Retrieving Google’s Cache for a Whole Website

Some time ago, as some of you noticed, the web server that hosts my blog went down. Unfortunately, some of the sites had no proper backup, so some thing had to be done in case the hard disk couldn’t be recovered. My efforts turned to Google’s cache. Google keeps a copy of the text of the web page in it’s cache, something that is usually useful when the website is temporarily unavailable. The basic idea is to retrieve a copy of all the pages of a certain site that Google has a cache of.

While this is easily done manually when only few pages are cached, the task needs to be automated when a need for retrieving several hundreds of pages rises. This is exactly what the following Python script does.

#!/usr/bin/python
import urllib
import urllib2
import re
import socket
import os
socket.setdefaulttimeout(30)
#adjust the site here
search_term="site:guyrutenberg.com"
def main():
    headers = {'User-Agent': 'Mozilla/5.0 (X11; U; Linux i686 (x86_64); en-US; rv:1.8.1.4) Gecko/20070515 Firefox/2.0.0.4'}
    url = "http://www.google.com/search?q="+search_term
    regex_cache = re.compile(r'<a href="(http://\d*\.\d*\.\d*\.\d*/search\?q\=cache.*?)".*?>Cached</a>')
    regex_next = re.compile('<a href="([^"]*?)"><span id=nn></span>Next</a>')
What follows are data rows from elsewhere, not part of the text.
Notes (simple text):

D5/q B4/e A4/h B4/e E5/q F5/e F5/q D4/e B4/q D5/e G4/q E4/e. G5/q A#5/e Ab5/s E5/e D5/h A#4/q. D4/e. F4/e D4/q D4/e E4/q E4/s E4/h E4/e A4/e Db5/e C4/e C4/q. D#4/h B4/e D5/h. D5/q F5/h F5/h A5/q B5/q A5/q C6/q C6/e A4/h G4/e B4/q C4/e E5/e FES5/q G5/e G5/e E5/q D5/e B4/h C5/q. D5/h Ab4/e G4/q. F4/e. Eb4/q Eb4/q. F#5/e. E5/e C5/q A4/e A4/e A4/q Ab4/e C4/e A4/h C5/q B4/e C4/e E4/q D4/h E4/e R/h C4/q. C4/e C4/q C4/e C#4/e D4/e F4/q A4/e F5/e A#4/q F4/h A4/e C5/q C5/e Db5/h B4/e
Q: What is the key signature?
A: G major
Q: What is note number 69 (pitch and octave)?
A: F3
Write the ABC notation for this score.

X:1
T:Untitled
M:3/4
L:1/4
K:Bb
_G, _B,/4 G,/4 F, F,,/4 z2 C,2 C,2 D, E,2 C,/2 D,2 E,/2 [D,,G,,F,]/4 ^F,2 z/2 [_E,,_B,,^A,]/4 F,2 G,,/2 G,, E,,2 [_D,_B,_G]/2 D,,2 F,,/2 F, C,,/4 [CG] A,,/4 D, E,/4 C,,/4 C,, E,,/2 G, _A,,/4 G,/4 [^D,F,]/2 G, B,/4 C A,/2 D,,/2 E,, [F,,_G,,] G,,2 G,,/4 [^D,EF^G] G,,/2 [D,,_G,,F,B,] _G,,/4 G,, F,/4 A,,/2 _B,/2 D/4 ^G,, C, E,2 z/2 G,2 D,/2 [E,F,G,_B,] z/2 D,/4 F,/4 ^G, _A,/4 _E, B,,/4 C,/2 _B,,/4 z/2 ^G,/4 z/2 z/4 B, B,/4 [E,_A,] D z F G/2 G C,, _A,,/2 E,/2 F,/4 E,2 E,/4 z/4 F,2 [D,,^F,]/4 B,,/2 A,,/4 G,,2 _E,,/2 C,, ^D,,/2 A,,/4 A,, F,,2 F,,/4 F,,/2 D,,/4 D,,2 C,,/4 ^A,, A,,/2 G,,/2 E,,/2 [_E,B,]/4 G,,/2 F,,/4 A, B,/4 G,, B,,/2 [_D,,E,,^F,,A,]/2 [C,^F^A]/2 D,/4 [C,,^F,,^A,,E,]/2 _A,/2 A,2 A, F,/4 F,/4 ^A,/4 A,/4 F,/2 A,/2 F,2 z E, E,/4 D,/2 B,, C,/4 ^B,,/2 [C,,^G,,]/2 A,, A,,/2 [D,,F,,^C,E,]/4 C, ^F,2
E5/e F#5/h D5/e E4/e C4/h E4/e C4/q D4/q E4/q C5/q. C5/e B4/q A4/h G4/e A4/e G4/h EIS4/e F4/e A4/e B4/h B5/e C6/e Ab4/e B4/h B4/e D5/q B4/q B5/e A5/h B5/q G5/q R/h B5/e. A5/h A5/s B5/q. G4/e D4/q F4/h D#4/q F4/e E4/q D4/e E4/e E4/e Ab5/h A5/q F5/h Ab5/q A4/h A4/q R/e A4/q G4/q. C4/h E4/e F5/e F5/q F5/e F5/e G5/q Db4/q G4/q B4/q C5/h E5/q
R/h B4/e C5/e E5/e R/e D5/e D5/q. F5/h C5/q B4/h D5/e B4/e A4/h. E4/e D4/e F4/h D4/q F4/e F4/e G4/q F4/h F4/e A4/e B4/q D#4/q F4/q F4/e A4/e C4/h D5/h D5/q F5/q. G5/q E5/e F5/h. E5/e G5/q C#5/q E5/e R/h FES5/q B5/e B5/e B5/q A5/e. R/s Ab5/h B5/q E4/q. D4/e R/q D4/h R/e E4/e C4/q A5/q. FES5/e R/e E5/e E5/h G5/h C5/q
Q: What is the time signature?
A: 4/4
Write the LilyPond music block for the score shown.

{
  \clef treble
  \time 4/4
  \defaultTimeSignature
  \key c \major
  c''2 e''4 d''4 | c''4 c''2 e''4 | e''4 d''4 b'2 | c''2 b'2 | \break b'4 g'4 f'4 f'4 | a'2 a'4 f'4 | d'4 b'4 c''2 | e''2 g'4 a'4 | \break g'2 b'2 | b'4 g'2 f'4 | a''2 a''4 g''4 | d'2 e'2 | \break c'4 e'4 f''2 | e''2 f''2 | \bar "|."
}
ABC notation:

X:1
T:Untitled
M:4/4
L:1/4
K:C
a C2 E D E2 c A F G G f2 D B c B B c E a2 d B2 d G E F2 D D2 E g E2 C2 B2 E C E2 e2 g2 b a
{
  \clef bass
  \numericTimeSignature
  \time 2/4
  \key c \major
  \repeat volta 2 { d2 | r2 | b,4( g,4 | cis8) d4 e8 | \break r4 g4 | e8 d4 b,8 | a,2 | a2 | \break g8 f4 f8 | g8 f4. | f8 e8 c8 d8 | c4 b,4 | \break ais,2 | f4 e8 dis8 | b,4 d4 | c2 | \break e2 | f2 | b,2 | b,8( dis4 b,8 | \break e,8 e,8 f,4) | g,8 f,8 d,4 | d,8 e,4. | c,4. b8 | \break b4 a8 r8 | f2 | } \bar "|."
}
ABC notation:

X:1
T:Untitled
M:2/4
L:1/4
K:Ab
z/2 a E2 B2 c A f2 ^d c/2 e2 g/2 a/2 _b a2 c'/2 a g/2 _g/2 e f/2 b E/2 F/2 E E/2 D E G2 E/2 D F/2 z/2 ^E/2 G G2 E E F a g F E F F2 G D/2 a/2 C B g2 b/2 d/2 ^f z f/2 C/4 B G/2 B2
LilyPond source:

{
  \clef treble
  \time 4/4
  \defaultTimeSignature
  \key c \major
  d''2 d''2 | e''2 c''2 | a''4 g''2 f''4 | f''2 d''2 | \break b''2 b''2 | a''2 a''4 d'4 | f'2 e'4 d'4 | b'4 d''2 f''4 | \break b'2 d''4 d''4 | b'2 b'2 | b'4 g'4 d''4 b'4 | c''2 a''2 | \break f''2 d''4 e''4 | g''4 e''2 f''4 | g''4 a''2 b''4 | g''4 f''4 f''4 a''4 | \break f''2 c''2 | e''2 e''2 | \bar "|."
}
    #this is the directory we will save files to
    try:
        os.mkdir('files')
    except:
        pass
    counter = 0
    pagenum = 0
    more = True
    while(more):
        pagenum += 1
        print "PAGE "+str(pagenum)+": "+url
        req = urllib2.Request(url, None, headers)
        page = urllib2.urlopen(req).read()
        matches = regex_cache.findall(page)
        for match in matches:
            counter+=1
            tmp_req = urllib2.Request(match.replace('&amp;','&'), None, headers)
            tmp_page = urllib2.urlopen(tmp_req).read()
            print counter,": "+match
            f = open('files/'+str(counter)+'.html','w')
            f.write(tmp_page)
            f.close()
        #now check if there is more pages
        match = regex_next.search(page)
        if match == None:
            more = False
        else:
            url = "http://www.google.com"+match.group(1).replace('&amp;','&')

if __name__=="__main__":
    main()

# vim: ai ts=4 sts=4 et sw=4

Before using the script you need to adjust the search_term variable near the beginning of the script. In this variable goes the search term for which all the available cache would be downloaded. E.g. to retrieve the cache of all the pages of http://www.example.org you should set search_term to site:www.example.org

71 thoughts on “Retrieving Google’s Cache for a Whole Website”

Stuart says:

November 16, 2008 at 11:53

This just saved my bacon. Thanks!
WOW ! says:

December 18, 2008 at 00:42

This saved my butt like you cant imagine. If I could send you $$, I would.
Guy says:

December 18, 2008 at 08:01

I’m glad that it helped.
I had luck in my case as the HD data-recovery was successful, but this script helped me sleep better while the data was recovered.
Nice says:

January 30, 2009 at 03:18

This is what I have been looking for days. Recently I lost all data of my site and want to get it back from google cached pages. I used a perl program to retrieve pages, but can easily get banned by google. so i have to use different proxy servers. Each IP can only retrieve about 20-40 pages. Does your code have the same problem? Thanks.
Guy says:

January 30, 2009 at 08:42

I’ve used the script to retrieve several thousands of pages and I didn’t get banned. The script uses a normal user-agent to disguise itself, which I guess helps a bit.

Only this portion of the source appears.